|The information we collect will be made freely available through Wikidata – a free and open database of structured data and one of Wikipedia's sister projects. Wikidata will enable users to integrate the information into Wikipedia in any of its 280+ languages. This can then act as a starting point for the world-spanning community of volunteers who are active on Wikipedia and Wikidata to further enrich the material.
By making the information more widely available we also believe that local communities, as well as the general public, can make use of the information in ways which allows them to both learn about their cultural heritage institutions and help with documenting them. Since the enriched information will be freely available to everyone, the resulting data can in turn be re-used, be it for tourism, as a complement to the official data or any other imaginable use.

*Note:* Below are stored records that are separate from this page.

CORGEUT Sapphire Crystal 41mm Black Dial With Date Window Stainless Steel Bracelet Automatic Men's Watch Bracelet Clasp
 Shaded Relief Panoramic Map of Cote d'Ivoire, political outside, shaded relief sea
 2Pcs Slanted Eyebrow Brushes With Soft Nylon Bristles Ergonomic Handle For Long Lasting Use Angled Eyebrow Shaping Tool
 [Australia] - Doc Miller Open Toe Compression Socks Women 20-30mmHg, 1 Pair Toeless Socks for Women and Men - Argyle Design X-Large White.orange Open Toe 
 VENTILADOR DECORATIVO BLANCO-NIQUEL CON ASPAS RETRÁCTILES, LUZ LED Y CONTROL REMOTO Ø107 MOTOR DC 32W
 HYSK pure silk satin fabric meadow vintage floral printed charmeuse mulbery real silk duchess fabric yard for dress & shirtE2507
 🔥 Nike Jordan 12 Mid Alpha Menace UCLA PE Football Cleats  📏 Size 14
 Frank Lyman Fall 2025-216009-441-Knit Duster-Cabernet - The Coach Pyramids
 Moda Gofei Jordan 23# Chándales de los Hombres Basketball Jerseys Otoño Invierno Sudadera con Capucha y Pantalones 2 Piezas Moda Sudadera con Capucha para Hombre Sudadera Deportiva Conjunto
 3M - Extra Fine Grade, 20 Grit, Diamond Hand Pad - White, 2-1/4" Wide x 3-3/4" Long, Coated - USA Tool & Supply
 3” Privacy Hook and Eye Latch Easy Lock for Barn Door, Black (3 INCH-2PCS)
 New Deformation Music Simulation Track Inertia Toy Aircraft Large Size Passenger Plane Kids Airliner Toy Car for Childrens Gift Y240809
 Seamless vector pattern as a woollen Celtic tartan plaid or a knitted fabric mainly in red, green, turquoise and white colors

The information will be clearly referenced so that it is obvious that it comes from official data, while at the same time clearly labeling any additional information which is added so as to make it clear that such info is not official nor is the agency in question responsible for it.
What sort of data are we looking for?
We are looking for datasets of cultural heritage institutions (museums, galleries, libraries and archives). For example, lists of museums in a certain country, state or other administrative unit.
How detailed is the data supposed to be?
The more detailed, of course, the better. But any data is better than nothing! Once it's uploaded to Wikidata, the data will become accessible to volunteers all around the world, who will then be able to edit and enrich it. There is a lot of interest in cultural heritage institutions on Wikimedia projects, meaning a high chance the data will be noticed, edited and re-used.
At the very least, we need this information to create a Wikidata item for a cultural institution:
- The name of the institution (in one or more languages).
- The type of the institution – is it a museum, a library, an archive?
- The location of the institution. It can be general, such as a state or province, but more detailed data (city, street address, coordinates…) is better.
Once we're moving beyond the basics, there's a lot of additional information that can be converted to Wikidata properties:
- Year of establishment
- Number of visitors in a particular year
- Collection size
- Who is the director of the institution
- Whom the institution is named after
- Official website
- Social media accounts
…and many more. For real examples, see Library of Congress (Q131454) or Hermitage Museum (Q132783).
What format is the data supposed to be in?
Since we will be working with datasets of hundreds or thousands of items, the data should be in a machine-readable format. As a rule, structured data is better than unstructured text, and open formats are better than proprietary ones. The data may be accessible either as downloadable files or via an API. Examples of good formats are csv/tsv and json.
On Wikidata:Open data publishing you can see on overview of different data formats and how they rate in terms of data openness.
Ideally, the dataset would also contain appropriate metadata, such as when and by whom it was created.
What about the copyright?
The data on Wikidata is available under the Creative Commons CC0 License. This license allows people to use the data without restrictions; no attribution is required. This is different from Wikipedia, which applies the Creative Commons Attribution license. CC0 is equivalent to Public Domain.
This means that in order for your data to be uploaded to Wikidata, it has to have been released under an open license. You can read more about copyright licensing on Wikidata on Wikidata:Licensing and about the benefits of open data publishing on Wikidata:Open data publishing.